**WHAT YOU WILL DO:** All of the data should be output character for character, except the pictures.

**Records from a data source:**
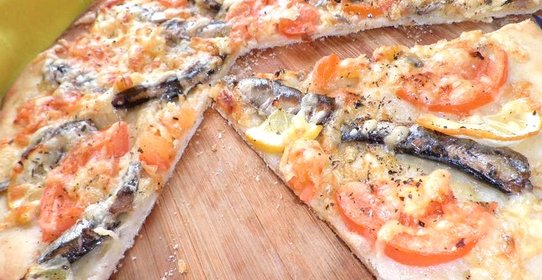 Пицца со шпротами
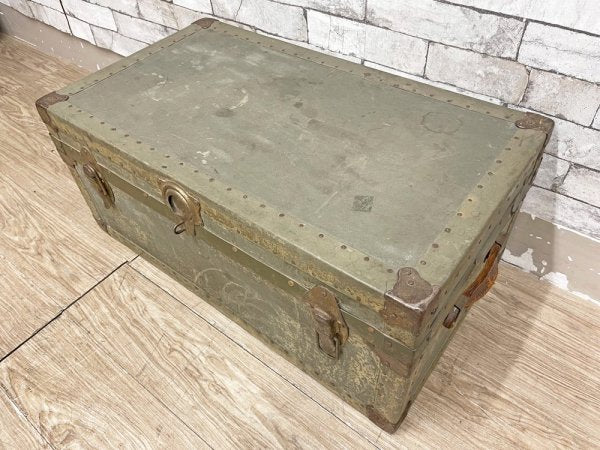 ビンテージ Vintage 木製 トランクケース 鋲打ち ボックス ローテーブル レトロ ディスプレイ 店舗什器 工業系 現状品 ●
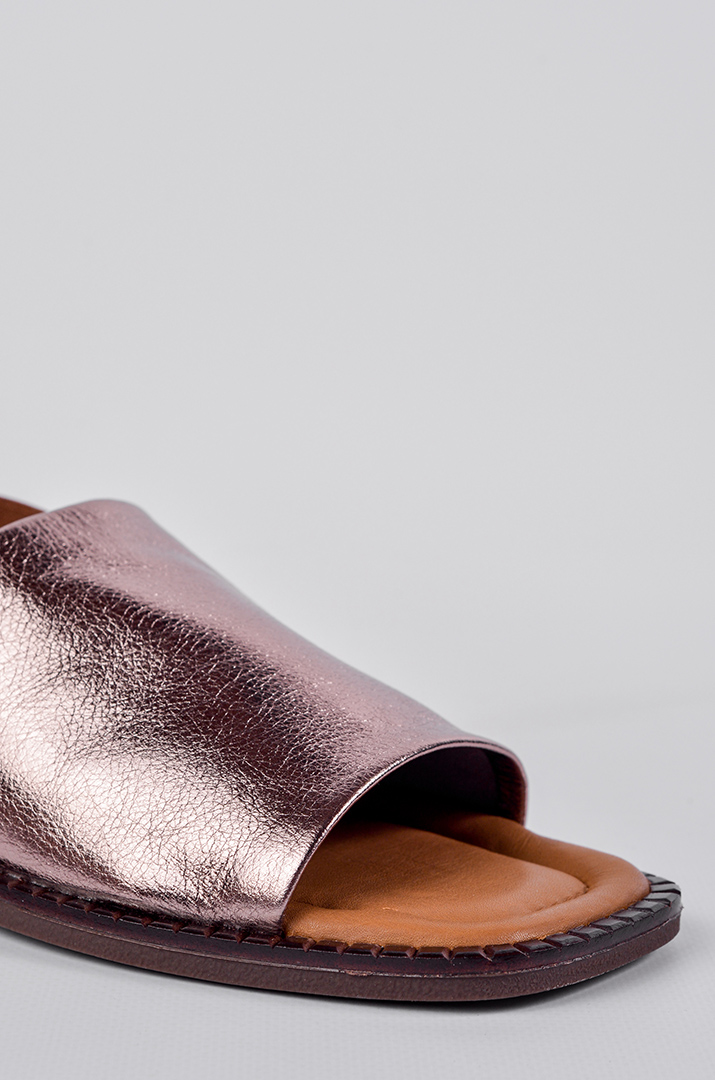 Босоніжки шкіряні в золотистому відтінку великих розмірів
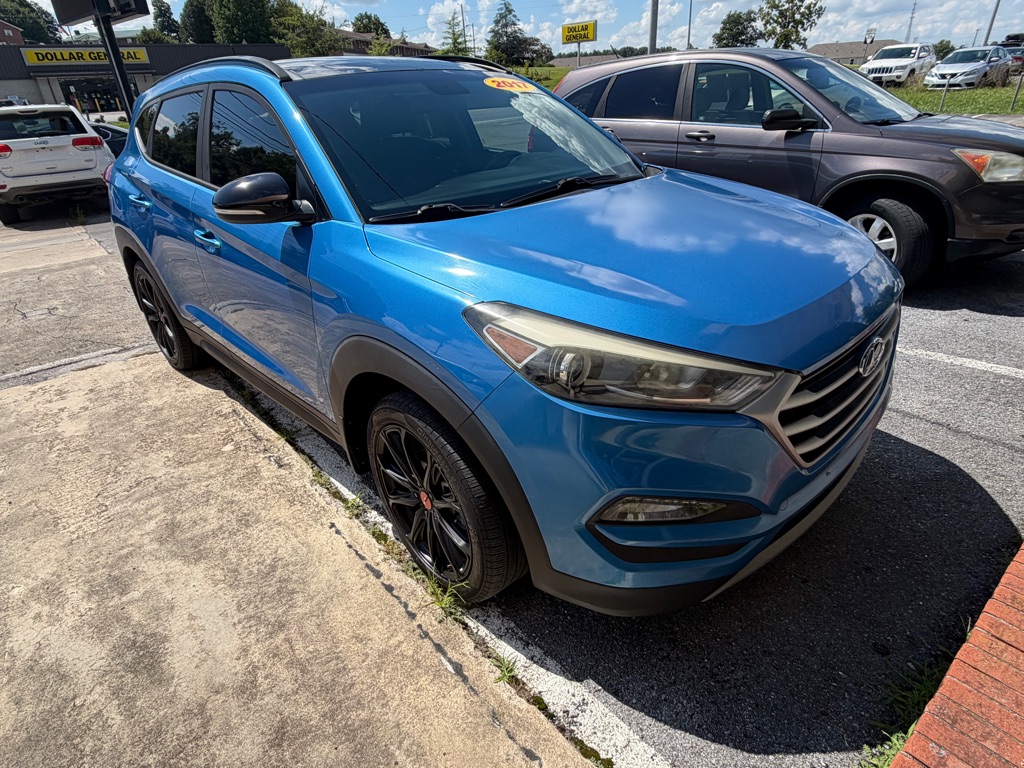 Photo 8 of this HYUNDAI TUCSON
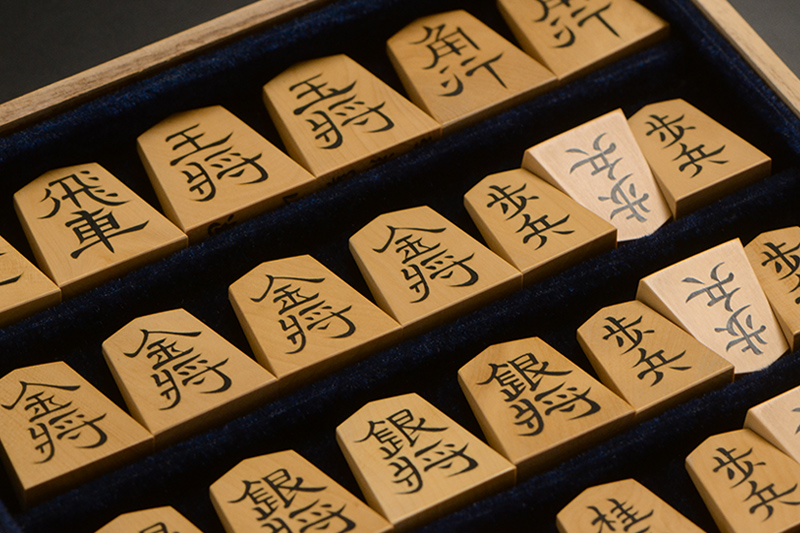黄楊　将棋駒 彫埋将棋駒 本黄楊（御蔵島黄楊） 探山 秀楽作 | 前川榧碁盤店
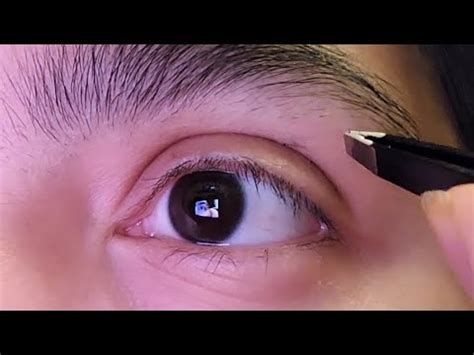 Eyebrow Plucking Satisfying Mooneyes First Video Youtube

**SOLUTION TO THE PROBLEM:**
 Пицца со шпротами
 ビンテージ Vintage 木製 トランクケース 鋲打ち ボックス ローテーブル レトロ ディスプレイ 店舗什器 工業系 現状品 ●
 Босоніжки шкіряні в золотистому відтінку великих розмірів
 Photo 8 of this HYUNDAI TUCSON
黄楊　将棋駒 彫埋将棋駒 本黄楊（御蔵島黄楊） 探山 秀楽作 | 前川榧碁盤店
 Eyebrow Plucking Satisfying Mooneyes First Video Youtube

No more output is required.